Yes, Virginia: IT Doesn’t Matter

Forrest ChristianComputers/IT, Organizations, Reviews - Articles Leave a Comment

What’s mentioned:

Carr, Nicholas G. “IT Doesn’t Matter”. Harvard Business Review, May 2003.

Farrell, Diana. “The REAL New Economy”. Harvard Business Review, October 2003.

Block, Peter. The Answer to How Is Yes.

There’s still a lot of buzz around Nicholas G. Carr’s article in May 2003’s Harvard Business Review, “IT Doesn’t Matter”. I’m somewhat surprised that people actually think that IT investment in and of itself will provide competitive advantage. I’ve worked in the IT industry for almost a decade now and I can’t think of any project I’ve been on that gave the company competitve advantage, at least for very long. The best you could hope for with commercial products is to be first to market, own it and fight off the bottom feeders as you move out the next big thing. I saw a competitor in the hazardous materials safety products industry do that with great success. With internal projects, you’re mostly just keeping the wolves at bay.
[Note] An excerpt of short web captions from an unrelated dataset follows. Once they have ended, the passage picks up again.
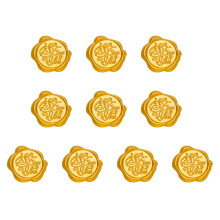 10 Stück selbstklebende-Für dich königliches Gold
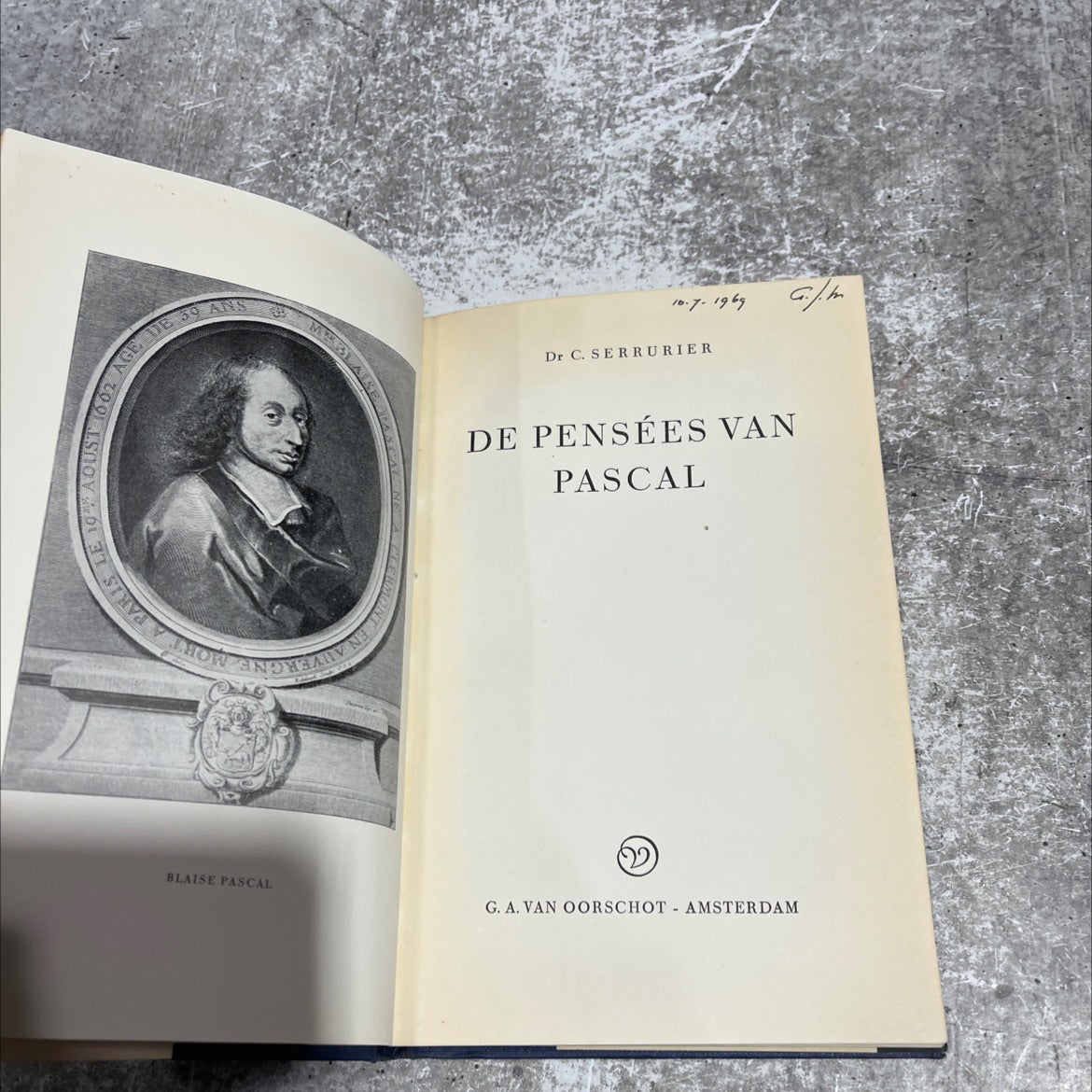 thoughts by pascal blais pascal book, by C. Serrurier, 1953 Hardcover image 2
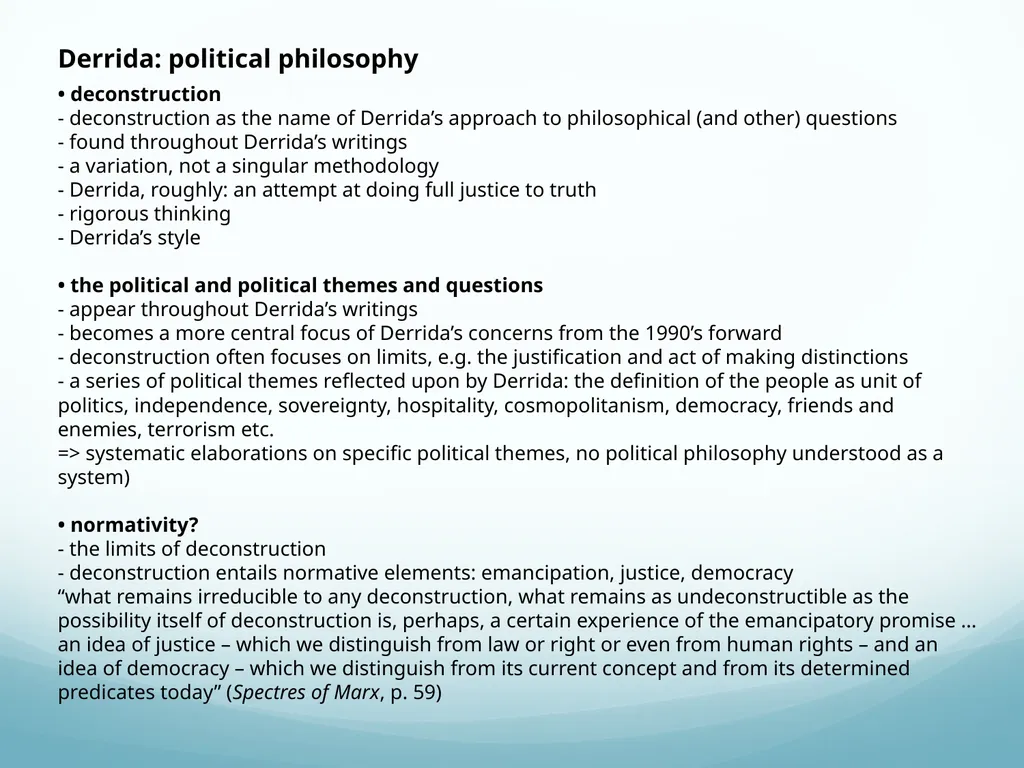 Jacques Derrida (1930 – 2004) Publications, some - slide 2 of 13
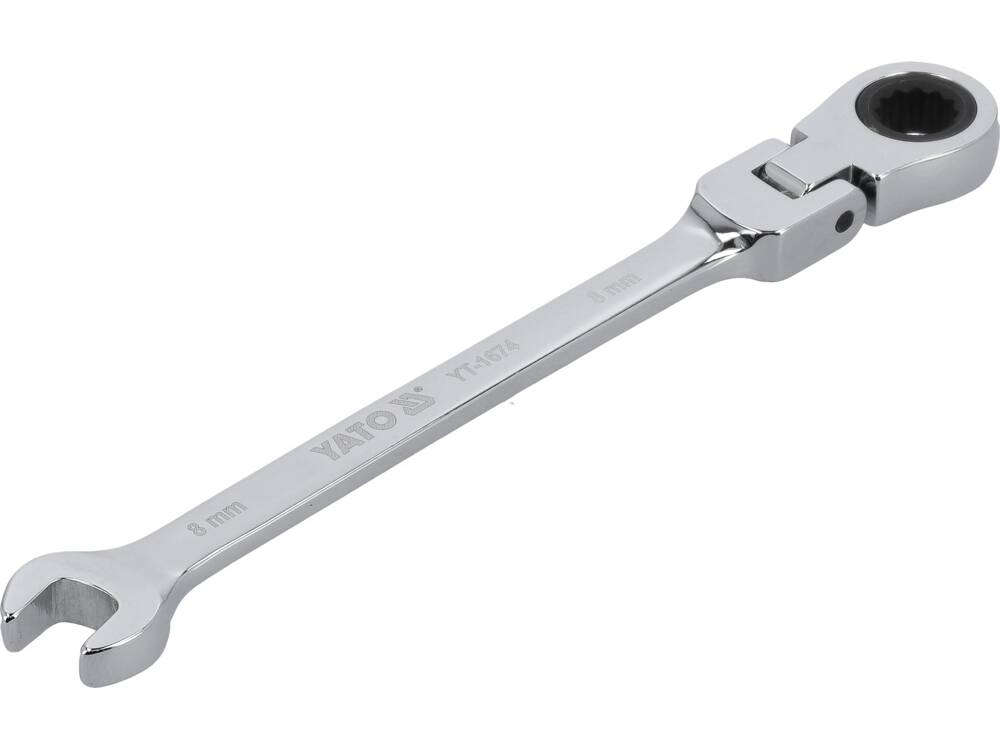 CHEIE COMBINATA CU YATO YT-1674 CLICHET SI CAP FLEXIBIL 8MM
Not that you can get away with not spending on IT. It always seemed ludicrous to me that companies will spend millions to standardize a single server or workstation load for the entire enterprise (except for executives, who can do whatever they want), which created massive amounts of rework in engineering and huge costs in support later, since the load that was agreeable to everyone satisfied none.

It’s not a question of whether to spend or not spend.

It’s about what really matters.

It’s the people, people.

I’ve never agreed with anyone who says that “People are our greatest resource” because: 1) if you have to remind us it probably isn’t true and 2) I resent being the equivalent of a printer. Still, management processes are about people, about who you have on board and how they interact. How you manage your information. How you build your corporation to achieve long-term goals. IT can help you execute a plan but it can’t create the plan or even the strategic direction.

Worse than anything else, most IT consultants (even those very high-priced bastards) and in-house personnel are woefully poor at understanding the corporate vision, much less in being able to implement it.